One of the pangs I felt in the years after we moved away was seeing those cedars sacrificed to the new homeowner's desire for a concrete driveway. I loved the white clamshell drive and the little ditch on either side, meant for drainage but resulting in after-rain puddles almost as interesting as tide pools. He wanted modern and smooth more than tadpoles and living mud.

The one good climbing tree was a Chinese Tallow out back, one of a pair. The harder-to-climb one I had "given" to my little sister, generous me. Those were gnarly-barked, and had the only real riotous color around at the Fall leaf-turn, scarlet and burgundy and lemon and goldenrod and grasshopper/willow green and burnt orange and tangerine and so on. On a damp day -- as most are here! -- the bark would be black in the crevices, with silver-grey laced over it. The leaves would do their thing in the Fall, and as they fell you'd see more and more the little silver-white-pearl seeds clinging to the tips of branches.
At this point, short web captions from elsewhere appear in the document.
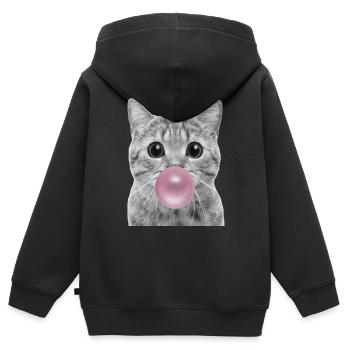 Chat bulle - Sweat Premium à capuche zippé enfant bio - noir - Dos - AI Model Kid Male (0cm)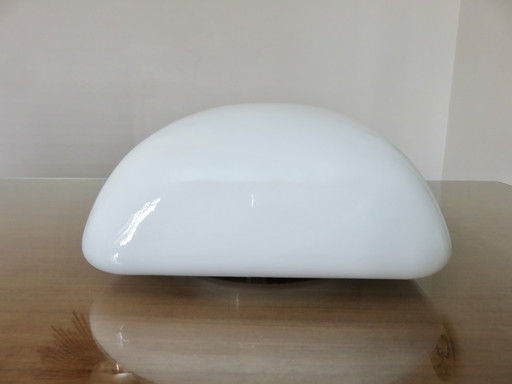 Grand plafonnier carré en opaline blanche, années 60 70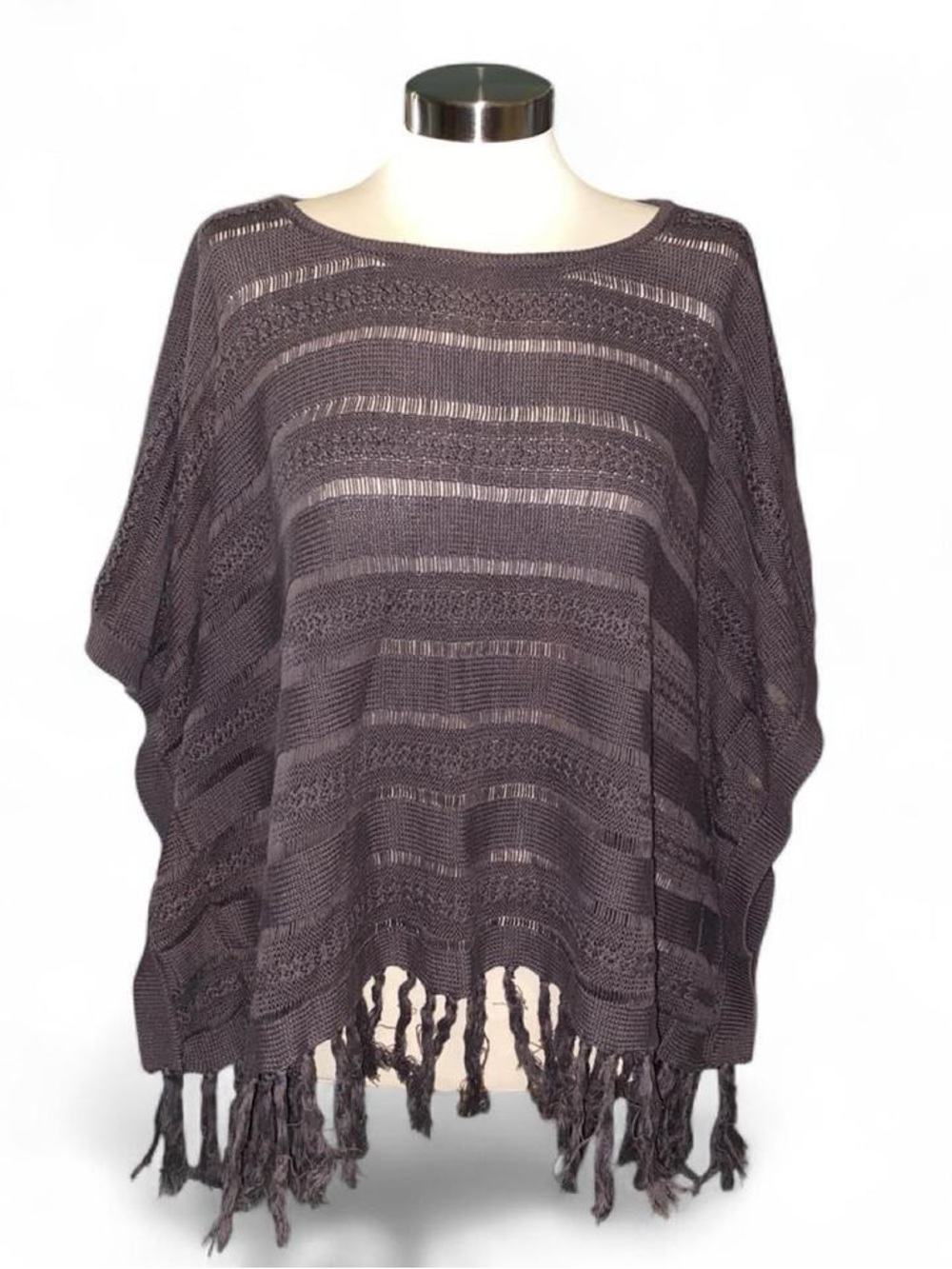 Women’s Brown Fringe Hem Knit Sweater Poncho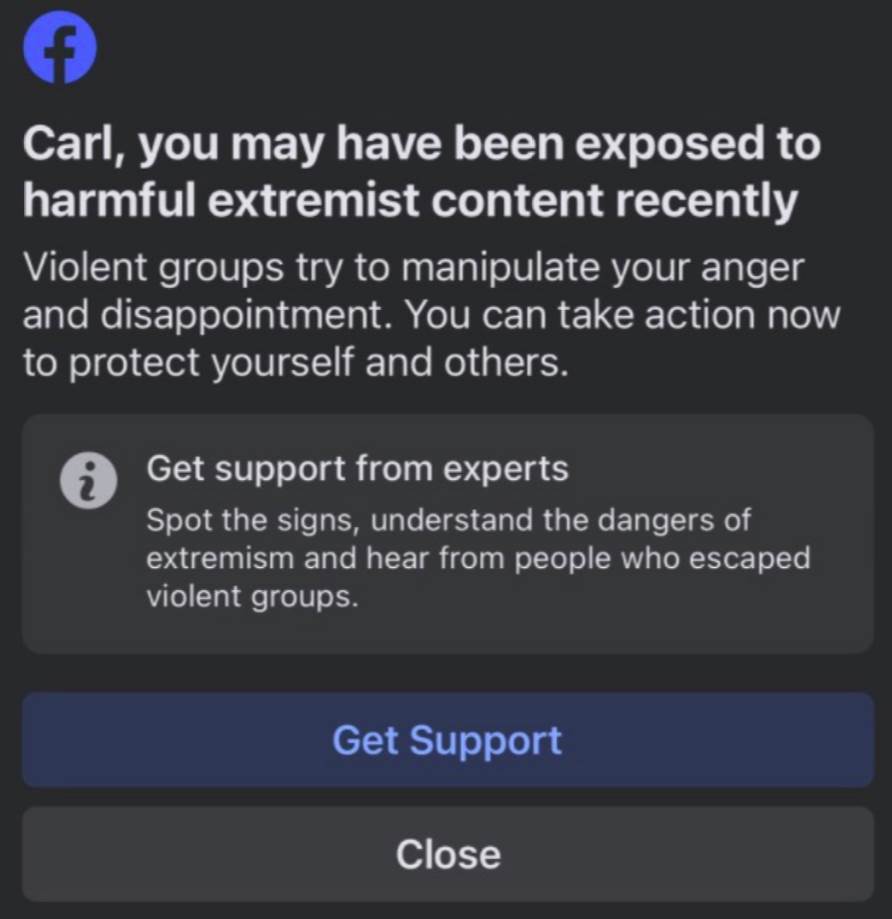 facebook obaveštenja o ekstremizmu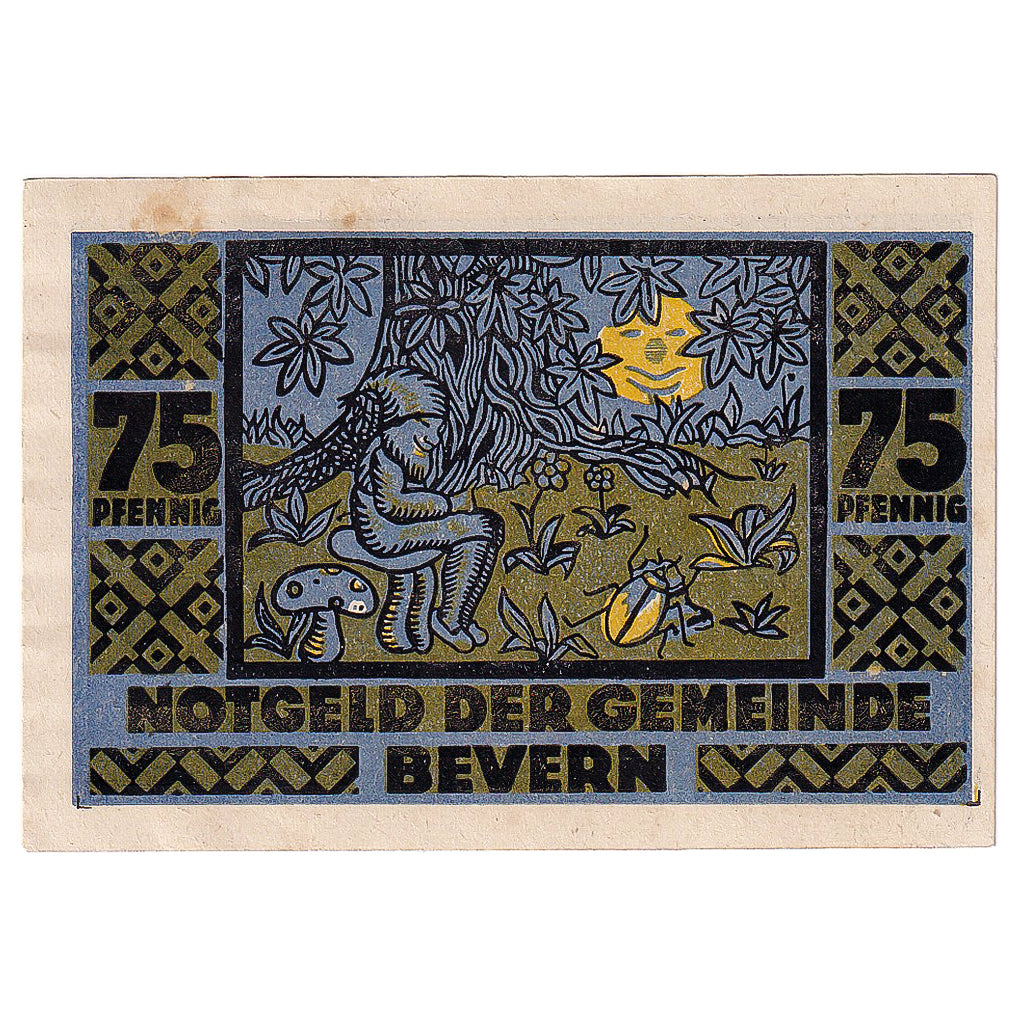 Nota, Alemanha, Bevern, 75 Pfennig, lutin, 1921, 1921-12-31, UNC(63), Mehl:97.1a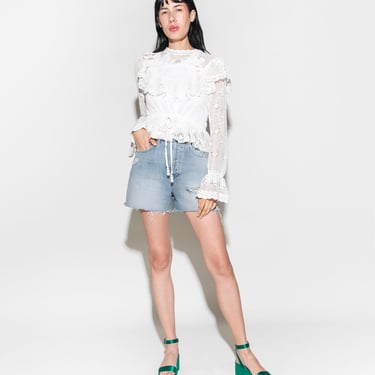 ZIMMERMANN White Crochet Open Knit Ruffle Blouse (Sz. 1)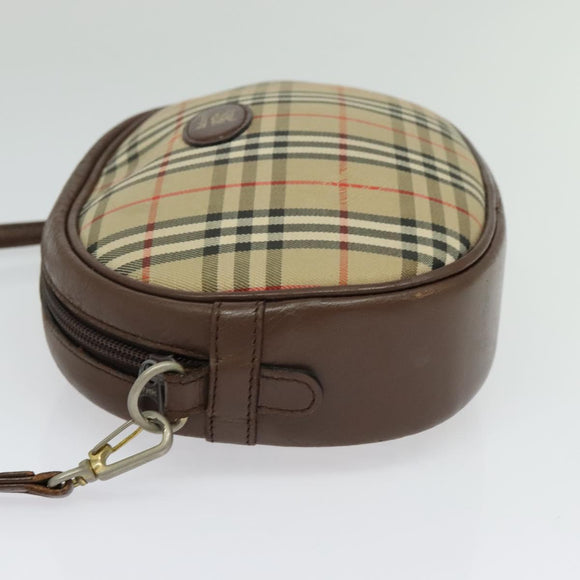 BURBERRYS Nova Check Shoulder Bag Canvas Beige Gold Auth bs26946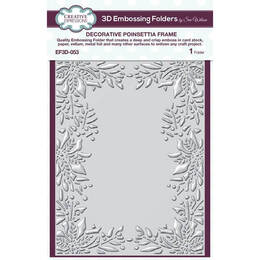 Creative Expressions 3D Embossing Folder 5.8"x7.5" - Decorative Poinsettia Frame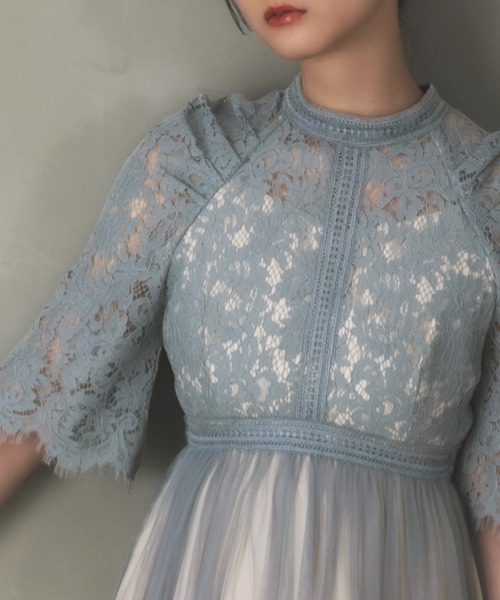 Rose of Sharon（ローズオブシャロン）の「花柄刺繍レースプリーツドレス（ドレス・レディース・カーキ/ダークブラウン/ブラック/グレイッシュブルー/ダークラベンダー・M）」の11枚目の写真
In the Spring, all the leaves were a uniform bright green, with that pretty bark peeping out occasionally. The flowers smelled of honey, long fuzzy-looking green flowers like a small fox's tail the length of your hand. The honeybees loved them, and their were always plenty of those, since a smalltime rancher two houses up the bayou kept beehives among the shade trees -- mostly Tallows -- in his fields of Hereford crosses. I could climb "my" tree and be invisible to whoever stood at the back door, calling for me.

I thought about all that, the Cedars and the Tallows and the beautiful scents, because I passed the old home place several times today running errands. I stopped at Bourgeois Meat Market -- one of those old historical spots, in the same family for generations -- for some boudin. I remember stopping there with my parents as a small child, shuffling through the sawdust on the floor, as all butcher shops had back then.

The lot next door, usually an overgown mini-jungle, has been cleared. The vines and saplings and such were gone, and I saw they'd trimmed and stacked about six cedar trees. They were just grinding away the stump when I left the Market. What a Heavenly scent! And I'm so glad they sold those trees. They have a use in the world. If the use of the property -- a little lot between the road and the bayou, barely a mile upstream from my old home -- if its use demands the trees be removed, I am so glad someone will get some use and some joy out of the trees. A cedar-lined closet, a cedar-lined hope chest, maybe cedar chips to keep Mama happy with the scentlessness of a kid's gerbil.

I sure hope the three giants that stood guard out front throughout my childhood made other people happy after they were cut down. I miss them less if I think of the useful end they (hopefully) met.